The order includes a mix of the newer, more fuel-efficient A330-900 (part of the A330neo range) and the older A330-300, which will help the carrier expand its long-haul capacity in the near term. First deliveries are expected from the early 2030s.
From Bankruptcy to Record Investment
The scale of the commitment underscores a remarkable recovery for SAS. The airline exited US Chapter 11 bankruptcy protection in 2024 after a painful restructuring that wiped out billions in debt, delisted its shares, and brought in new owners led by the Air France-KLM group. As part of that overhaul, SAS also left the Star Alliance to join the rival SkyTeam grouping.
Since then, the carrier has returned to operating profit in 2025 after heavy losses the previous year. The Airbus order follows a 2024 deal for 55 Embraer regional jets, and SAS is presenting the combined investment as the foundation of its fleet strategy for the decade ahead.
Why Airbus Won Over Boeing
The decision is a notable victory for European manufacturer Airbus over its US rival Boeing, whose 787 Dreamliner and 777X had been in contention. SAS already operates A330s on its long-haul network, and sticking with the same manufacturer avoids the heavy costs of introducing an entirely new aircraft type—including retraining, spare parts, and ground support.
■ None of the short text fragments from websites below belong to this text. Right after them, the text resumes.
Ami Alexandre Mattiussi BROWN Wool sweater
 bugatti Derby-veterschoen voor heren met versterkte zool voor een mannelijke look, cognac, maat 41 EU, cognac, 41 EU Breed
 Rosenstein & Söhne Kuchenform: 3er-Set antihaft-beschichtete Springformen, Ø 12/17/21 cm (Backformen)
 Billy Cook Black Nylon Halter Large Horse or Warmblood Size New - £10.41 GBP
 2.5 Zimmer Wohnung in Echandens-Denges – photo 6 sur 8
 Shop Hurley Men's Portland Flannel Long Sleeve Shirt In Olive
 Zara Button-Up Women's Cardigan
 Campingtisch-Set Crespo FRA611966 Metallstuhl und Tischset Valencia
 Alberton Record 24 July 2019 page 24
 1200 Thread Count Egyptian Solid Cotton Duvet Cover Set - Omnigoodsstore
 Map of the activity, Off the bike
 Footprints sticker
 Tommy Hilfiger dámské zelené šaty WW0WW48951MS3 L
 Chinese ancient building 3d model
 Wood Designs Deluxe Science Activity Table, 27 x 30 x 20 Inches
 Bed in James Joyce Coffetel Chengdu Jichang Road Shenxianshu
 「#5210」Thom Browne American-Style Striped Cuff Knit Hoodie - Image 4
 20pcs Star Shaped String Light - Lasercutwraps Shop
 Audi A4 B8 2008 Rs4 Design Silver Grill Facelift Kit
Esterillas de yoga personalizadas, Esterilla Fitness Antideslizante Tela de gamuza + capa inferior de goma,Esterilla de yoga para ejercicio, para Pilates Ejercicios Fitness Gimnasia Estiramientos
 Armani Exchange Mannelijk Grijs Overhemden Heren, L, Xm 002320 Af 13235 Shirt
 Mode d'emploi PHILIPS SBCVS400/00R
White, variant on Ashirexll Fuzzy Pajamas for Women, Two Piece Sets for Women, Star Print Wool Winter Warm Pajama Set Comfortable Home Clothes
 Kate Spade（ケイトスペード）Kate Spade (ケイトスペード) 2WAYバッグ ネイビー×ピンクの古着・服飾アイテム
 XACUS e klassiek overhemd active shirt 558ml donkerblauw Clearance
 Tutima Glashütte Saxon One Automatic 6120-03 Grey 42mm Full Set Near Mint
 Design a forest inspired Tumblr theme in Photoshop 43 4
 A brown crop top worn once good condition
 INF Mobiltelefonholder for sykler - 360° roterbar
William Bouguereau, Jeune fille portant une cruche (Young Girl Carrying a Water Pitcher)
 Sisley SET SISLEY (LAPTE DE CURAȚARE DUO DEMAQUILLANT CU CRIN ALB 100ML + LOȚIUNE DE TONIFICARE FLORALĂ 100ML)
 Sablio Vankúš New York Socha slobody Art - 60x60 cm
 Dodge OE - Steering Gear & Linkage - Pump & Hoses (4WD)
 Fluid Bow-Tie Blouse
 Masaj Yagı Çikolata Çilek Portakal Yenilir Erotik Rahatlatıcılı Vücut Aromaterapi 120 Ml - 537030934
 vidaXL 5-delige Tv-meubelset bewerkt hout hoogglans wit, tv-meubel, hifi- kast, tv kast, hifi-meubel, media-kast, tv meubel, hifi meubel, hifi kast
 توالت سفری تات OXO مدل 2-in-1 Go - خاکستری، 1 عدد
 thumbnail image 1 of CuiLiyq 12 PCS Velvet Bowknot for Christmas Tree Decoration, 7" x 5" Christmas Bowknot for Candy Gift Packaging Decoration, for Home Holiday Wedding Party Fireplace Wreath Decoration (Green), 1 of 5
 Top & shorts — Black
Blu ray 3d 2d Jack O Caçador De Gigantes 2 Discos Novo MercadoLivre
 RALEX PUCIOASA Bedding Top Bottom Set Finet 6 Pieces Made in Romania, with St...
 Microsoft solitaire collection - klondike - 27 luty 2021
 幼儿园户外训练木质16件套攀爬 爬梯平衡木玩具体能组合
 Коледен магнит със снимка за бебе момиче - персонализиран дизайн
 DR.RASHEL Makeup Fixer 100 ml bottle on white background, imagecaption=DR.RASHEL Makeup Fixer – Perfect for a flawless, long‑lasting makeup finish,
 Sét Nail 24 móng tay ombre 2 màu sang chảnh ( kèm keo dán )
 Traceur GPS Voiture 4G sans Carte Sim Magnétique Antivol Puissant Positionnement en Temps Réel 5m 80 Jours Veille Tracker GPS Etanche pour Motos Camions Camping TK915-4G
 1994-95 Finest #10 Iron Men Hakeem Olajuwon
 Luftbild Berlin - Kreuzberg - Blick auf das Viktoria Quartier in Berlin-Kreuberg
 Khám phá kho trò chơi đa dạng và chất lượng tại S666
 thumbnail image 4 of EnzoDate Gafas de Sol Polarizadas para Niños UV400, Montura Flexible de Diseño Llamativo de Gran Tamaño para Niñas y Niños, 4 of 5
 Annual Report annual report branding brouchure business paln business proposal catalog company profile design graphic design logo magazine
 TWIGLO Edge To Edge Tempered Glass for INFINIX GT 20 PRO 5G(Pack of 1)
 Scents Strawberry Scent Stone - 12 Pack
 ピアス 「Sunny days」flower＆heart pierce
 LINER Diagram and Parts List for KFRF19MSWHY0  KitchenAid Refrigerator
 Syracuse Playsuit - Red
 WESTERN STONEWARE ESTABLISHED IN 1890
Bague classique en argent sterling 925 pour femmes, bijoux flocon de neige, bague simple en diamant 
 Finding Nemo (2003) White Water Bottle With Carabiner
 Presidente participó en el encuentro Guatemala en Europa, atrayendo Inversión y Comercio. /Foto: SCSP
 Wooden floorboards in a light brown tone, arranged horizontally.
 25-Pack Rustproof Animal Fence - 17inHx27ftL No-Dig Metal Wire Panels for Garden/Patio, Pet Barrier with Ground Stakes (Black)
That logic of fleet commonality runs through the order. SAS said the additional A330-300s would be fully compatible with its existing Airbus operations, while the newer A330-900 shares the overwhelming majority of its airframe components with the older model. For Airbus, the win adds another European flag carrier to a widebody order book already swollen by airlines racing to replace ageing and less efficient jets.
The recovery at SAS comes as European aviation faces broader challenges, including heatwaves that have disrupted operations across the continent. In recent weeks, Swiss glaciers hit record early melt as Europe's heatwave accelerates ice loss, while France recorded roughly 1,000 excess deaths during the heatwave. Such climate pressures are pushing airlines to invest in more fuel-efficient aircraft, a trend that SAS's order aligns with.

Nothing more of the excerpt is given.